Jincy Dunne part of USA Hockey’s youth movement in effort for gold

As USA Hockey gets ready to attempt and win its first gold medal in women’s ice hockey at the Winter Games since Nagano 1998, the program is looking towards younger superstars in the hopes of making that dream a reality.

Among a group of youngsters which includes Alex Carpenter and Amanda Kessel, the youngest of this youth movement is Jincy Dunne. Having already competed with the United States senior team at the 2012 Four Nations Cup, Dunne is a 16 year-old hockey phenomenon who may end up with a chance to be on the US roster which competes at Sochi 2014.

Should she qualify for the squad, it would make her the youngest player ever to compete with the US women’s team at the Winter Games. Back in Nagano 1998, the US had an 18 year-old player who would forge a remarkable legacy with USA Hockey. That was triple gold club member Jenny Schmidgall (better known today as Jenny Potter).

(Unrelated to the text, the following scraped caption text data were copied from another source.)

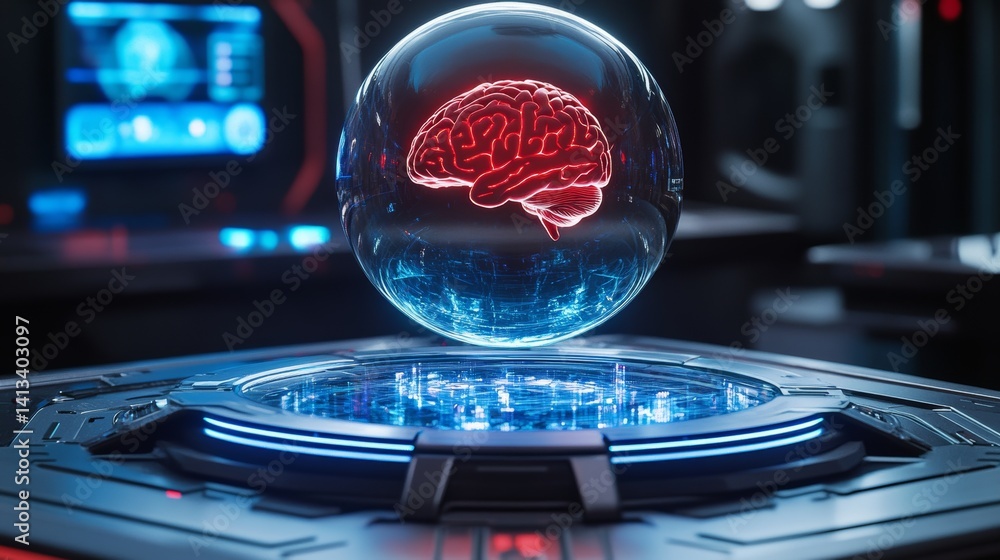 Poster a high-tech laboratory setting is home to a futuristic holographic brain display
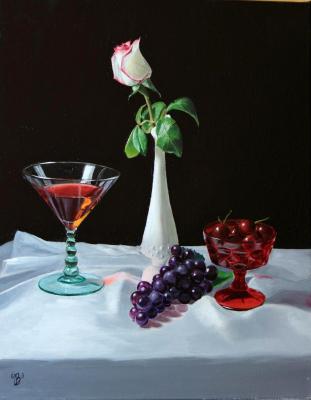 Rose, Glass & Fruit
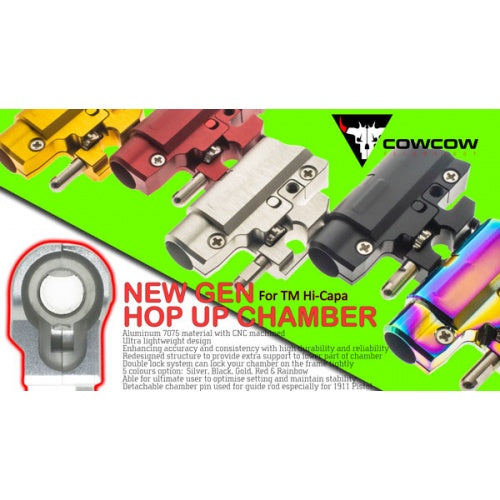 COW New Gen TDC CNC Aluminum Hop Up Chamber For Marui TM Hi-Capa / 1911 GBBP Series -Rainbow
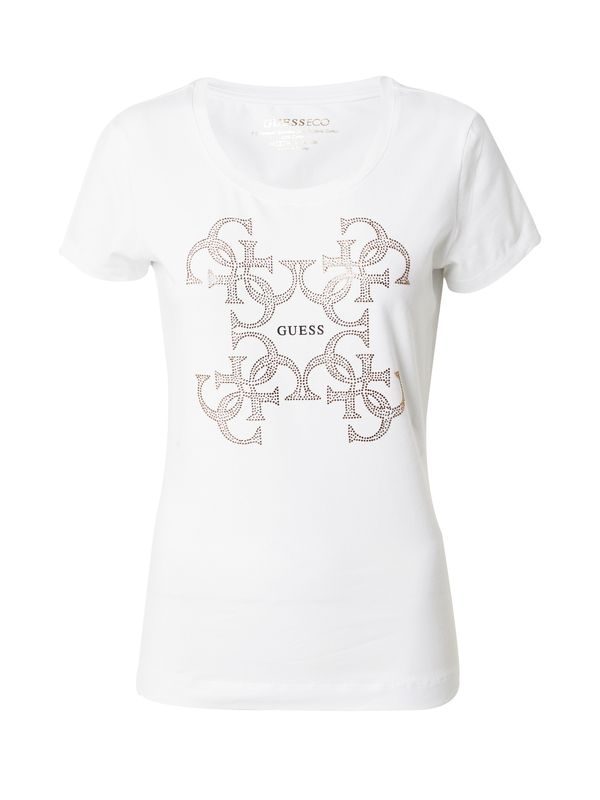 GUESS GUESS Тениска  злато / черно / бяло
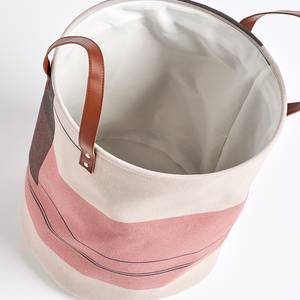 Aufbewahrungskorb Modern Leinen - Beige / Rosa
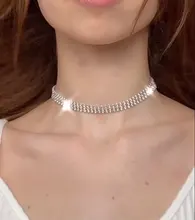 Gargantilla de diamantes de imitación de cristal para mujer, accesorios de boda, cadena de Color plateado, Gargantilla gótica Punk, joyería para mujer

Raised in the St. Louis area, Dunne has also been a mainstay on the United States Under-18 national team. She was part of the silver medal winning U18 squad at the 2013 IIHF Women’s Worlds in Finland, one of only two 15 year-olds on the squad. Two months earlier, she was in Finland winning the gold medal with the senior team.

Considering that women’s hockey is not as popular in Missouri as in other parts of the country, it is testament to Dunne’s unique talent. Having started at roller hockey, she transitioned to ice hockey when her brother decided to play. She has also spent time with the Northern Edge Reebok team.

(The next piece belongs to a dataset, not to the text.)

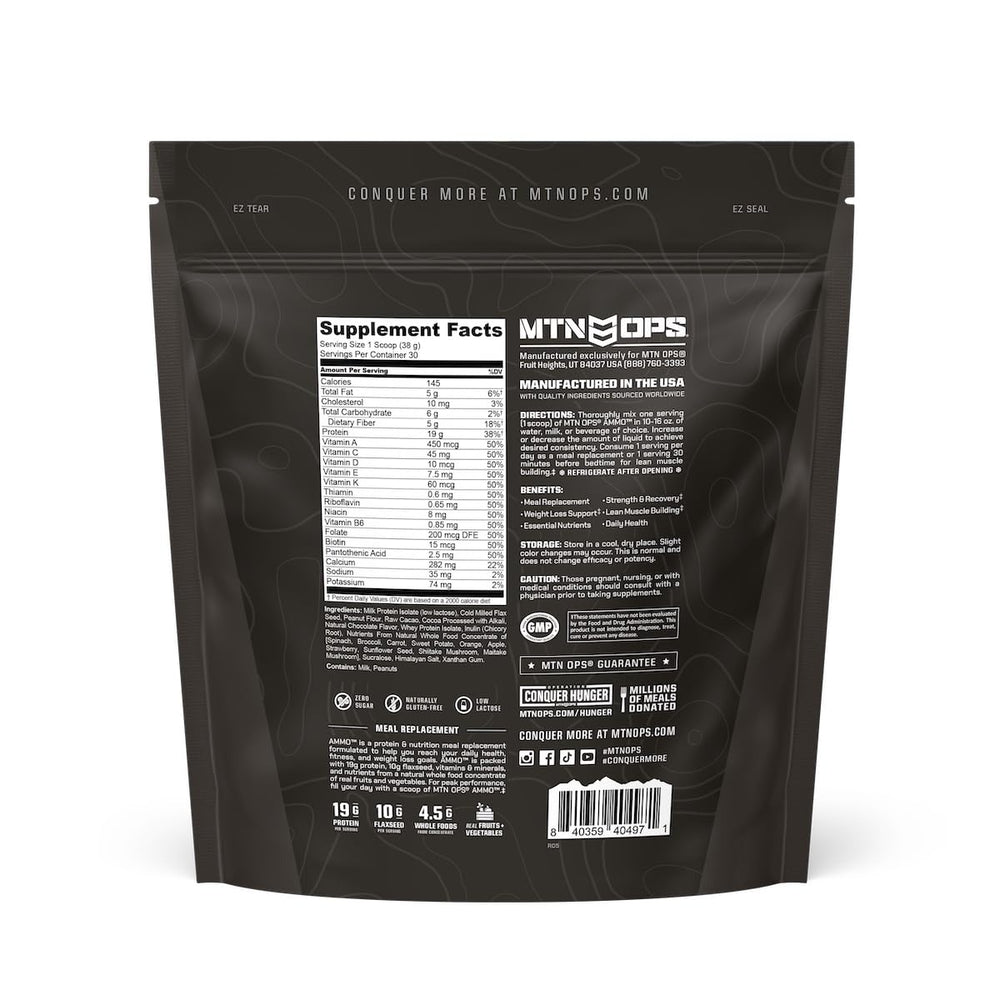 MTN OPS Ammo serving with water demonstrates convenient mixing.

With five other siblings (all of whom have given names that begin with the letter J), Dunne is named after her maternal grandmother. With the entire family engaged in sports, Dunne (the second oldest child) is also a two-sport star. In addition to her exploits on the ice, she has graced the hardcourt with a high school boys team at Westminster in St. Albans, Missouri.

While her current club team is the St. Louis Lady Blues, she still practices with St. Louis AAA, a boys hockey team that she once competed with. In 2012, she helped the club reach the AAA national championship game. Of note, former NHLer Keith Tkachuk was her assistant coach with St. Louis AAA.

Known for her skating ability, footwork and on-ice smarts that she developed in boys hockey (due to her small 5’6” frame), one of her current teammates with the Lady Blues also has roots in the St. Louis sporting community. Katie Matheny, the daughter of St. Louis Cardinals manager Mike Matheny is a teammate of Dunne.

Although Dunne’s eventual goal is to become a doctor, she is also a religious individual who believes in giving back to the community. A gifted athlete and a terrific example for today’s youth, it is not everyday that a female hockey player who is a junior in high school has to work towards possibly earning Winter Games gold before even picking a college. While Lindenwood University is the only NCAA Division I program based in Missouri, there is no question that whichever NCAA school she decides to go, will have recruited an incredible athlete and person.

Should Dunne not be selected for Sochi 2014, it will not be for lack of effort. Competing against players that are five to ten years her senior, Dunne’s time at this year’s US centralization shall prove to be a wonderful learning experience that will definitely provide personal growth. A certainty to be penciled in to the roster for Pyeongchang 2018, one day, many from USA Hockey will brag about how they knew her before she even obtained her driver’s license.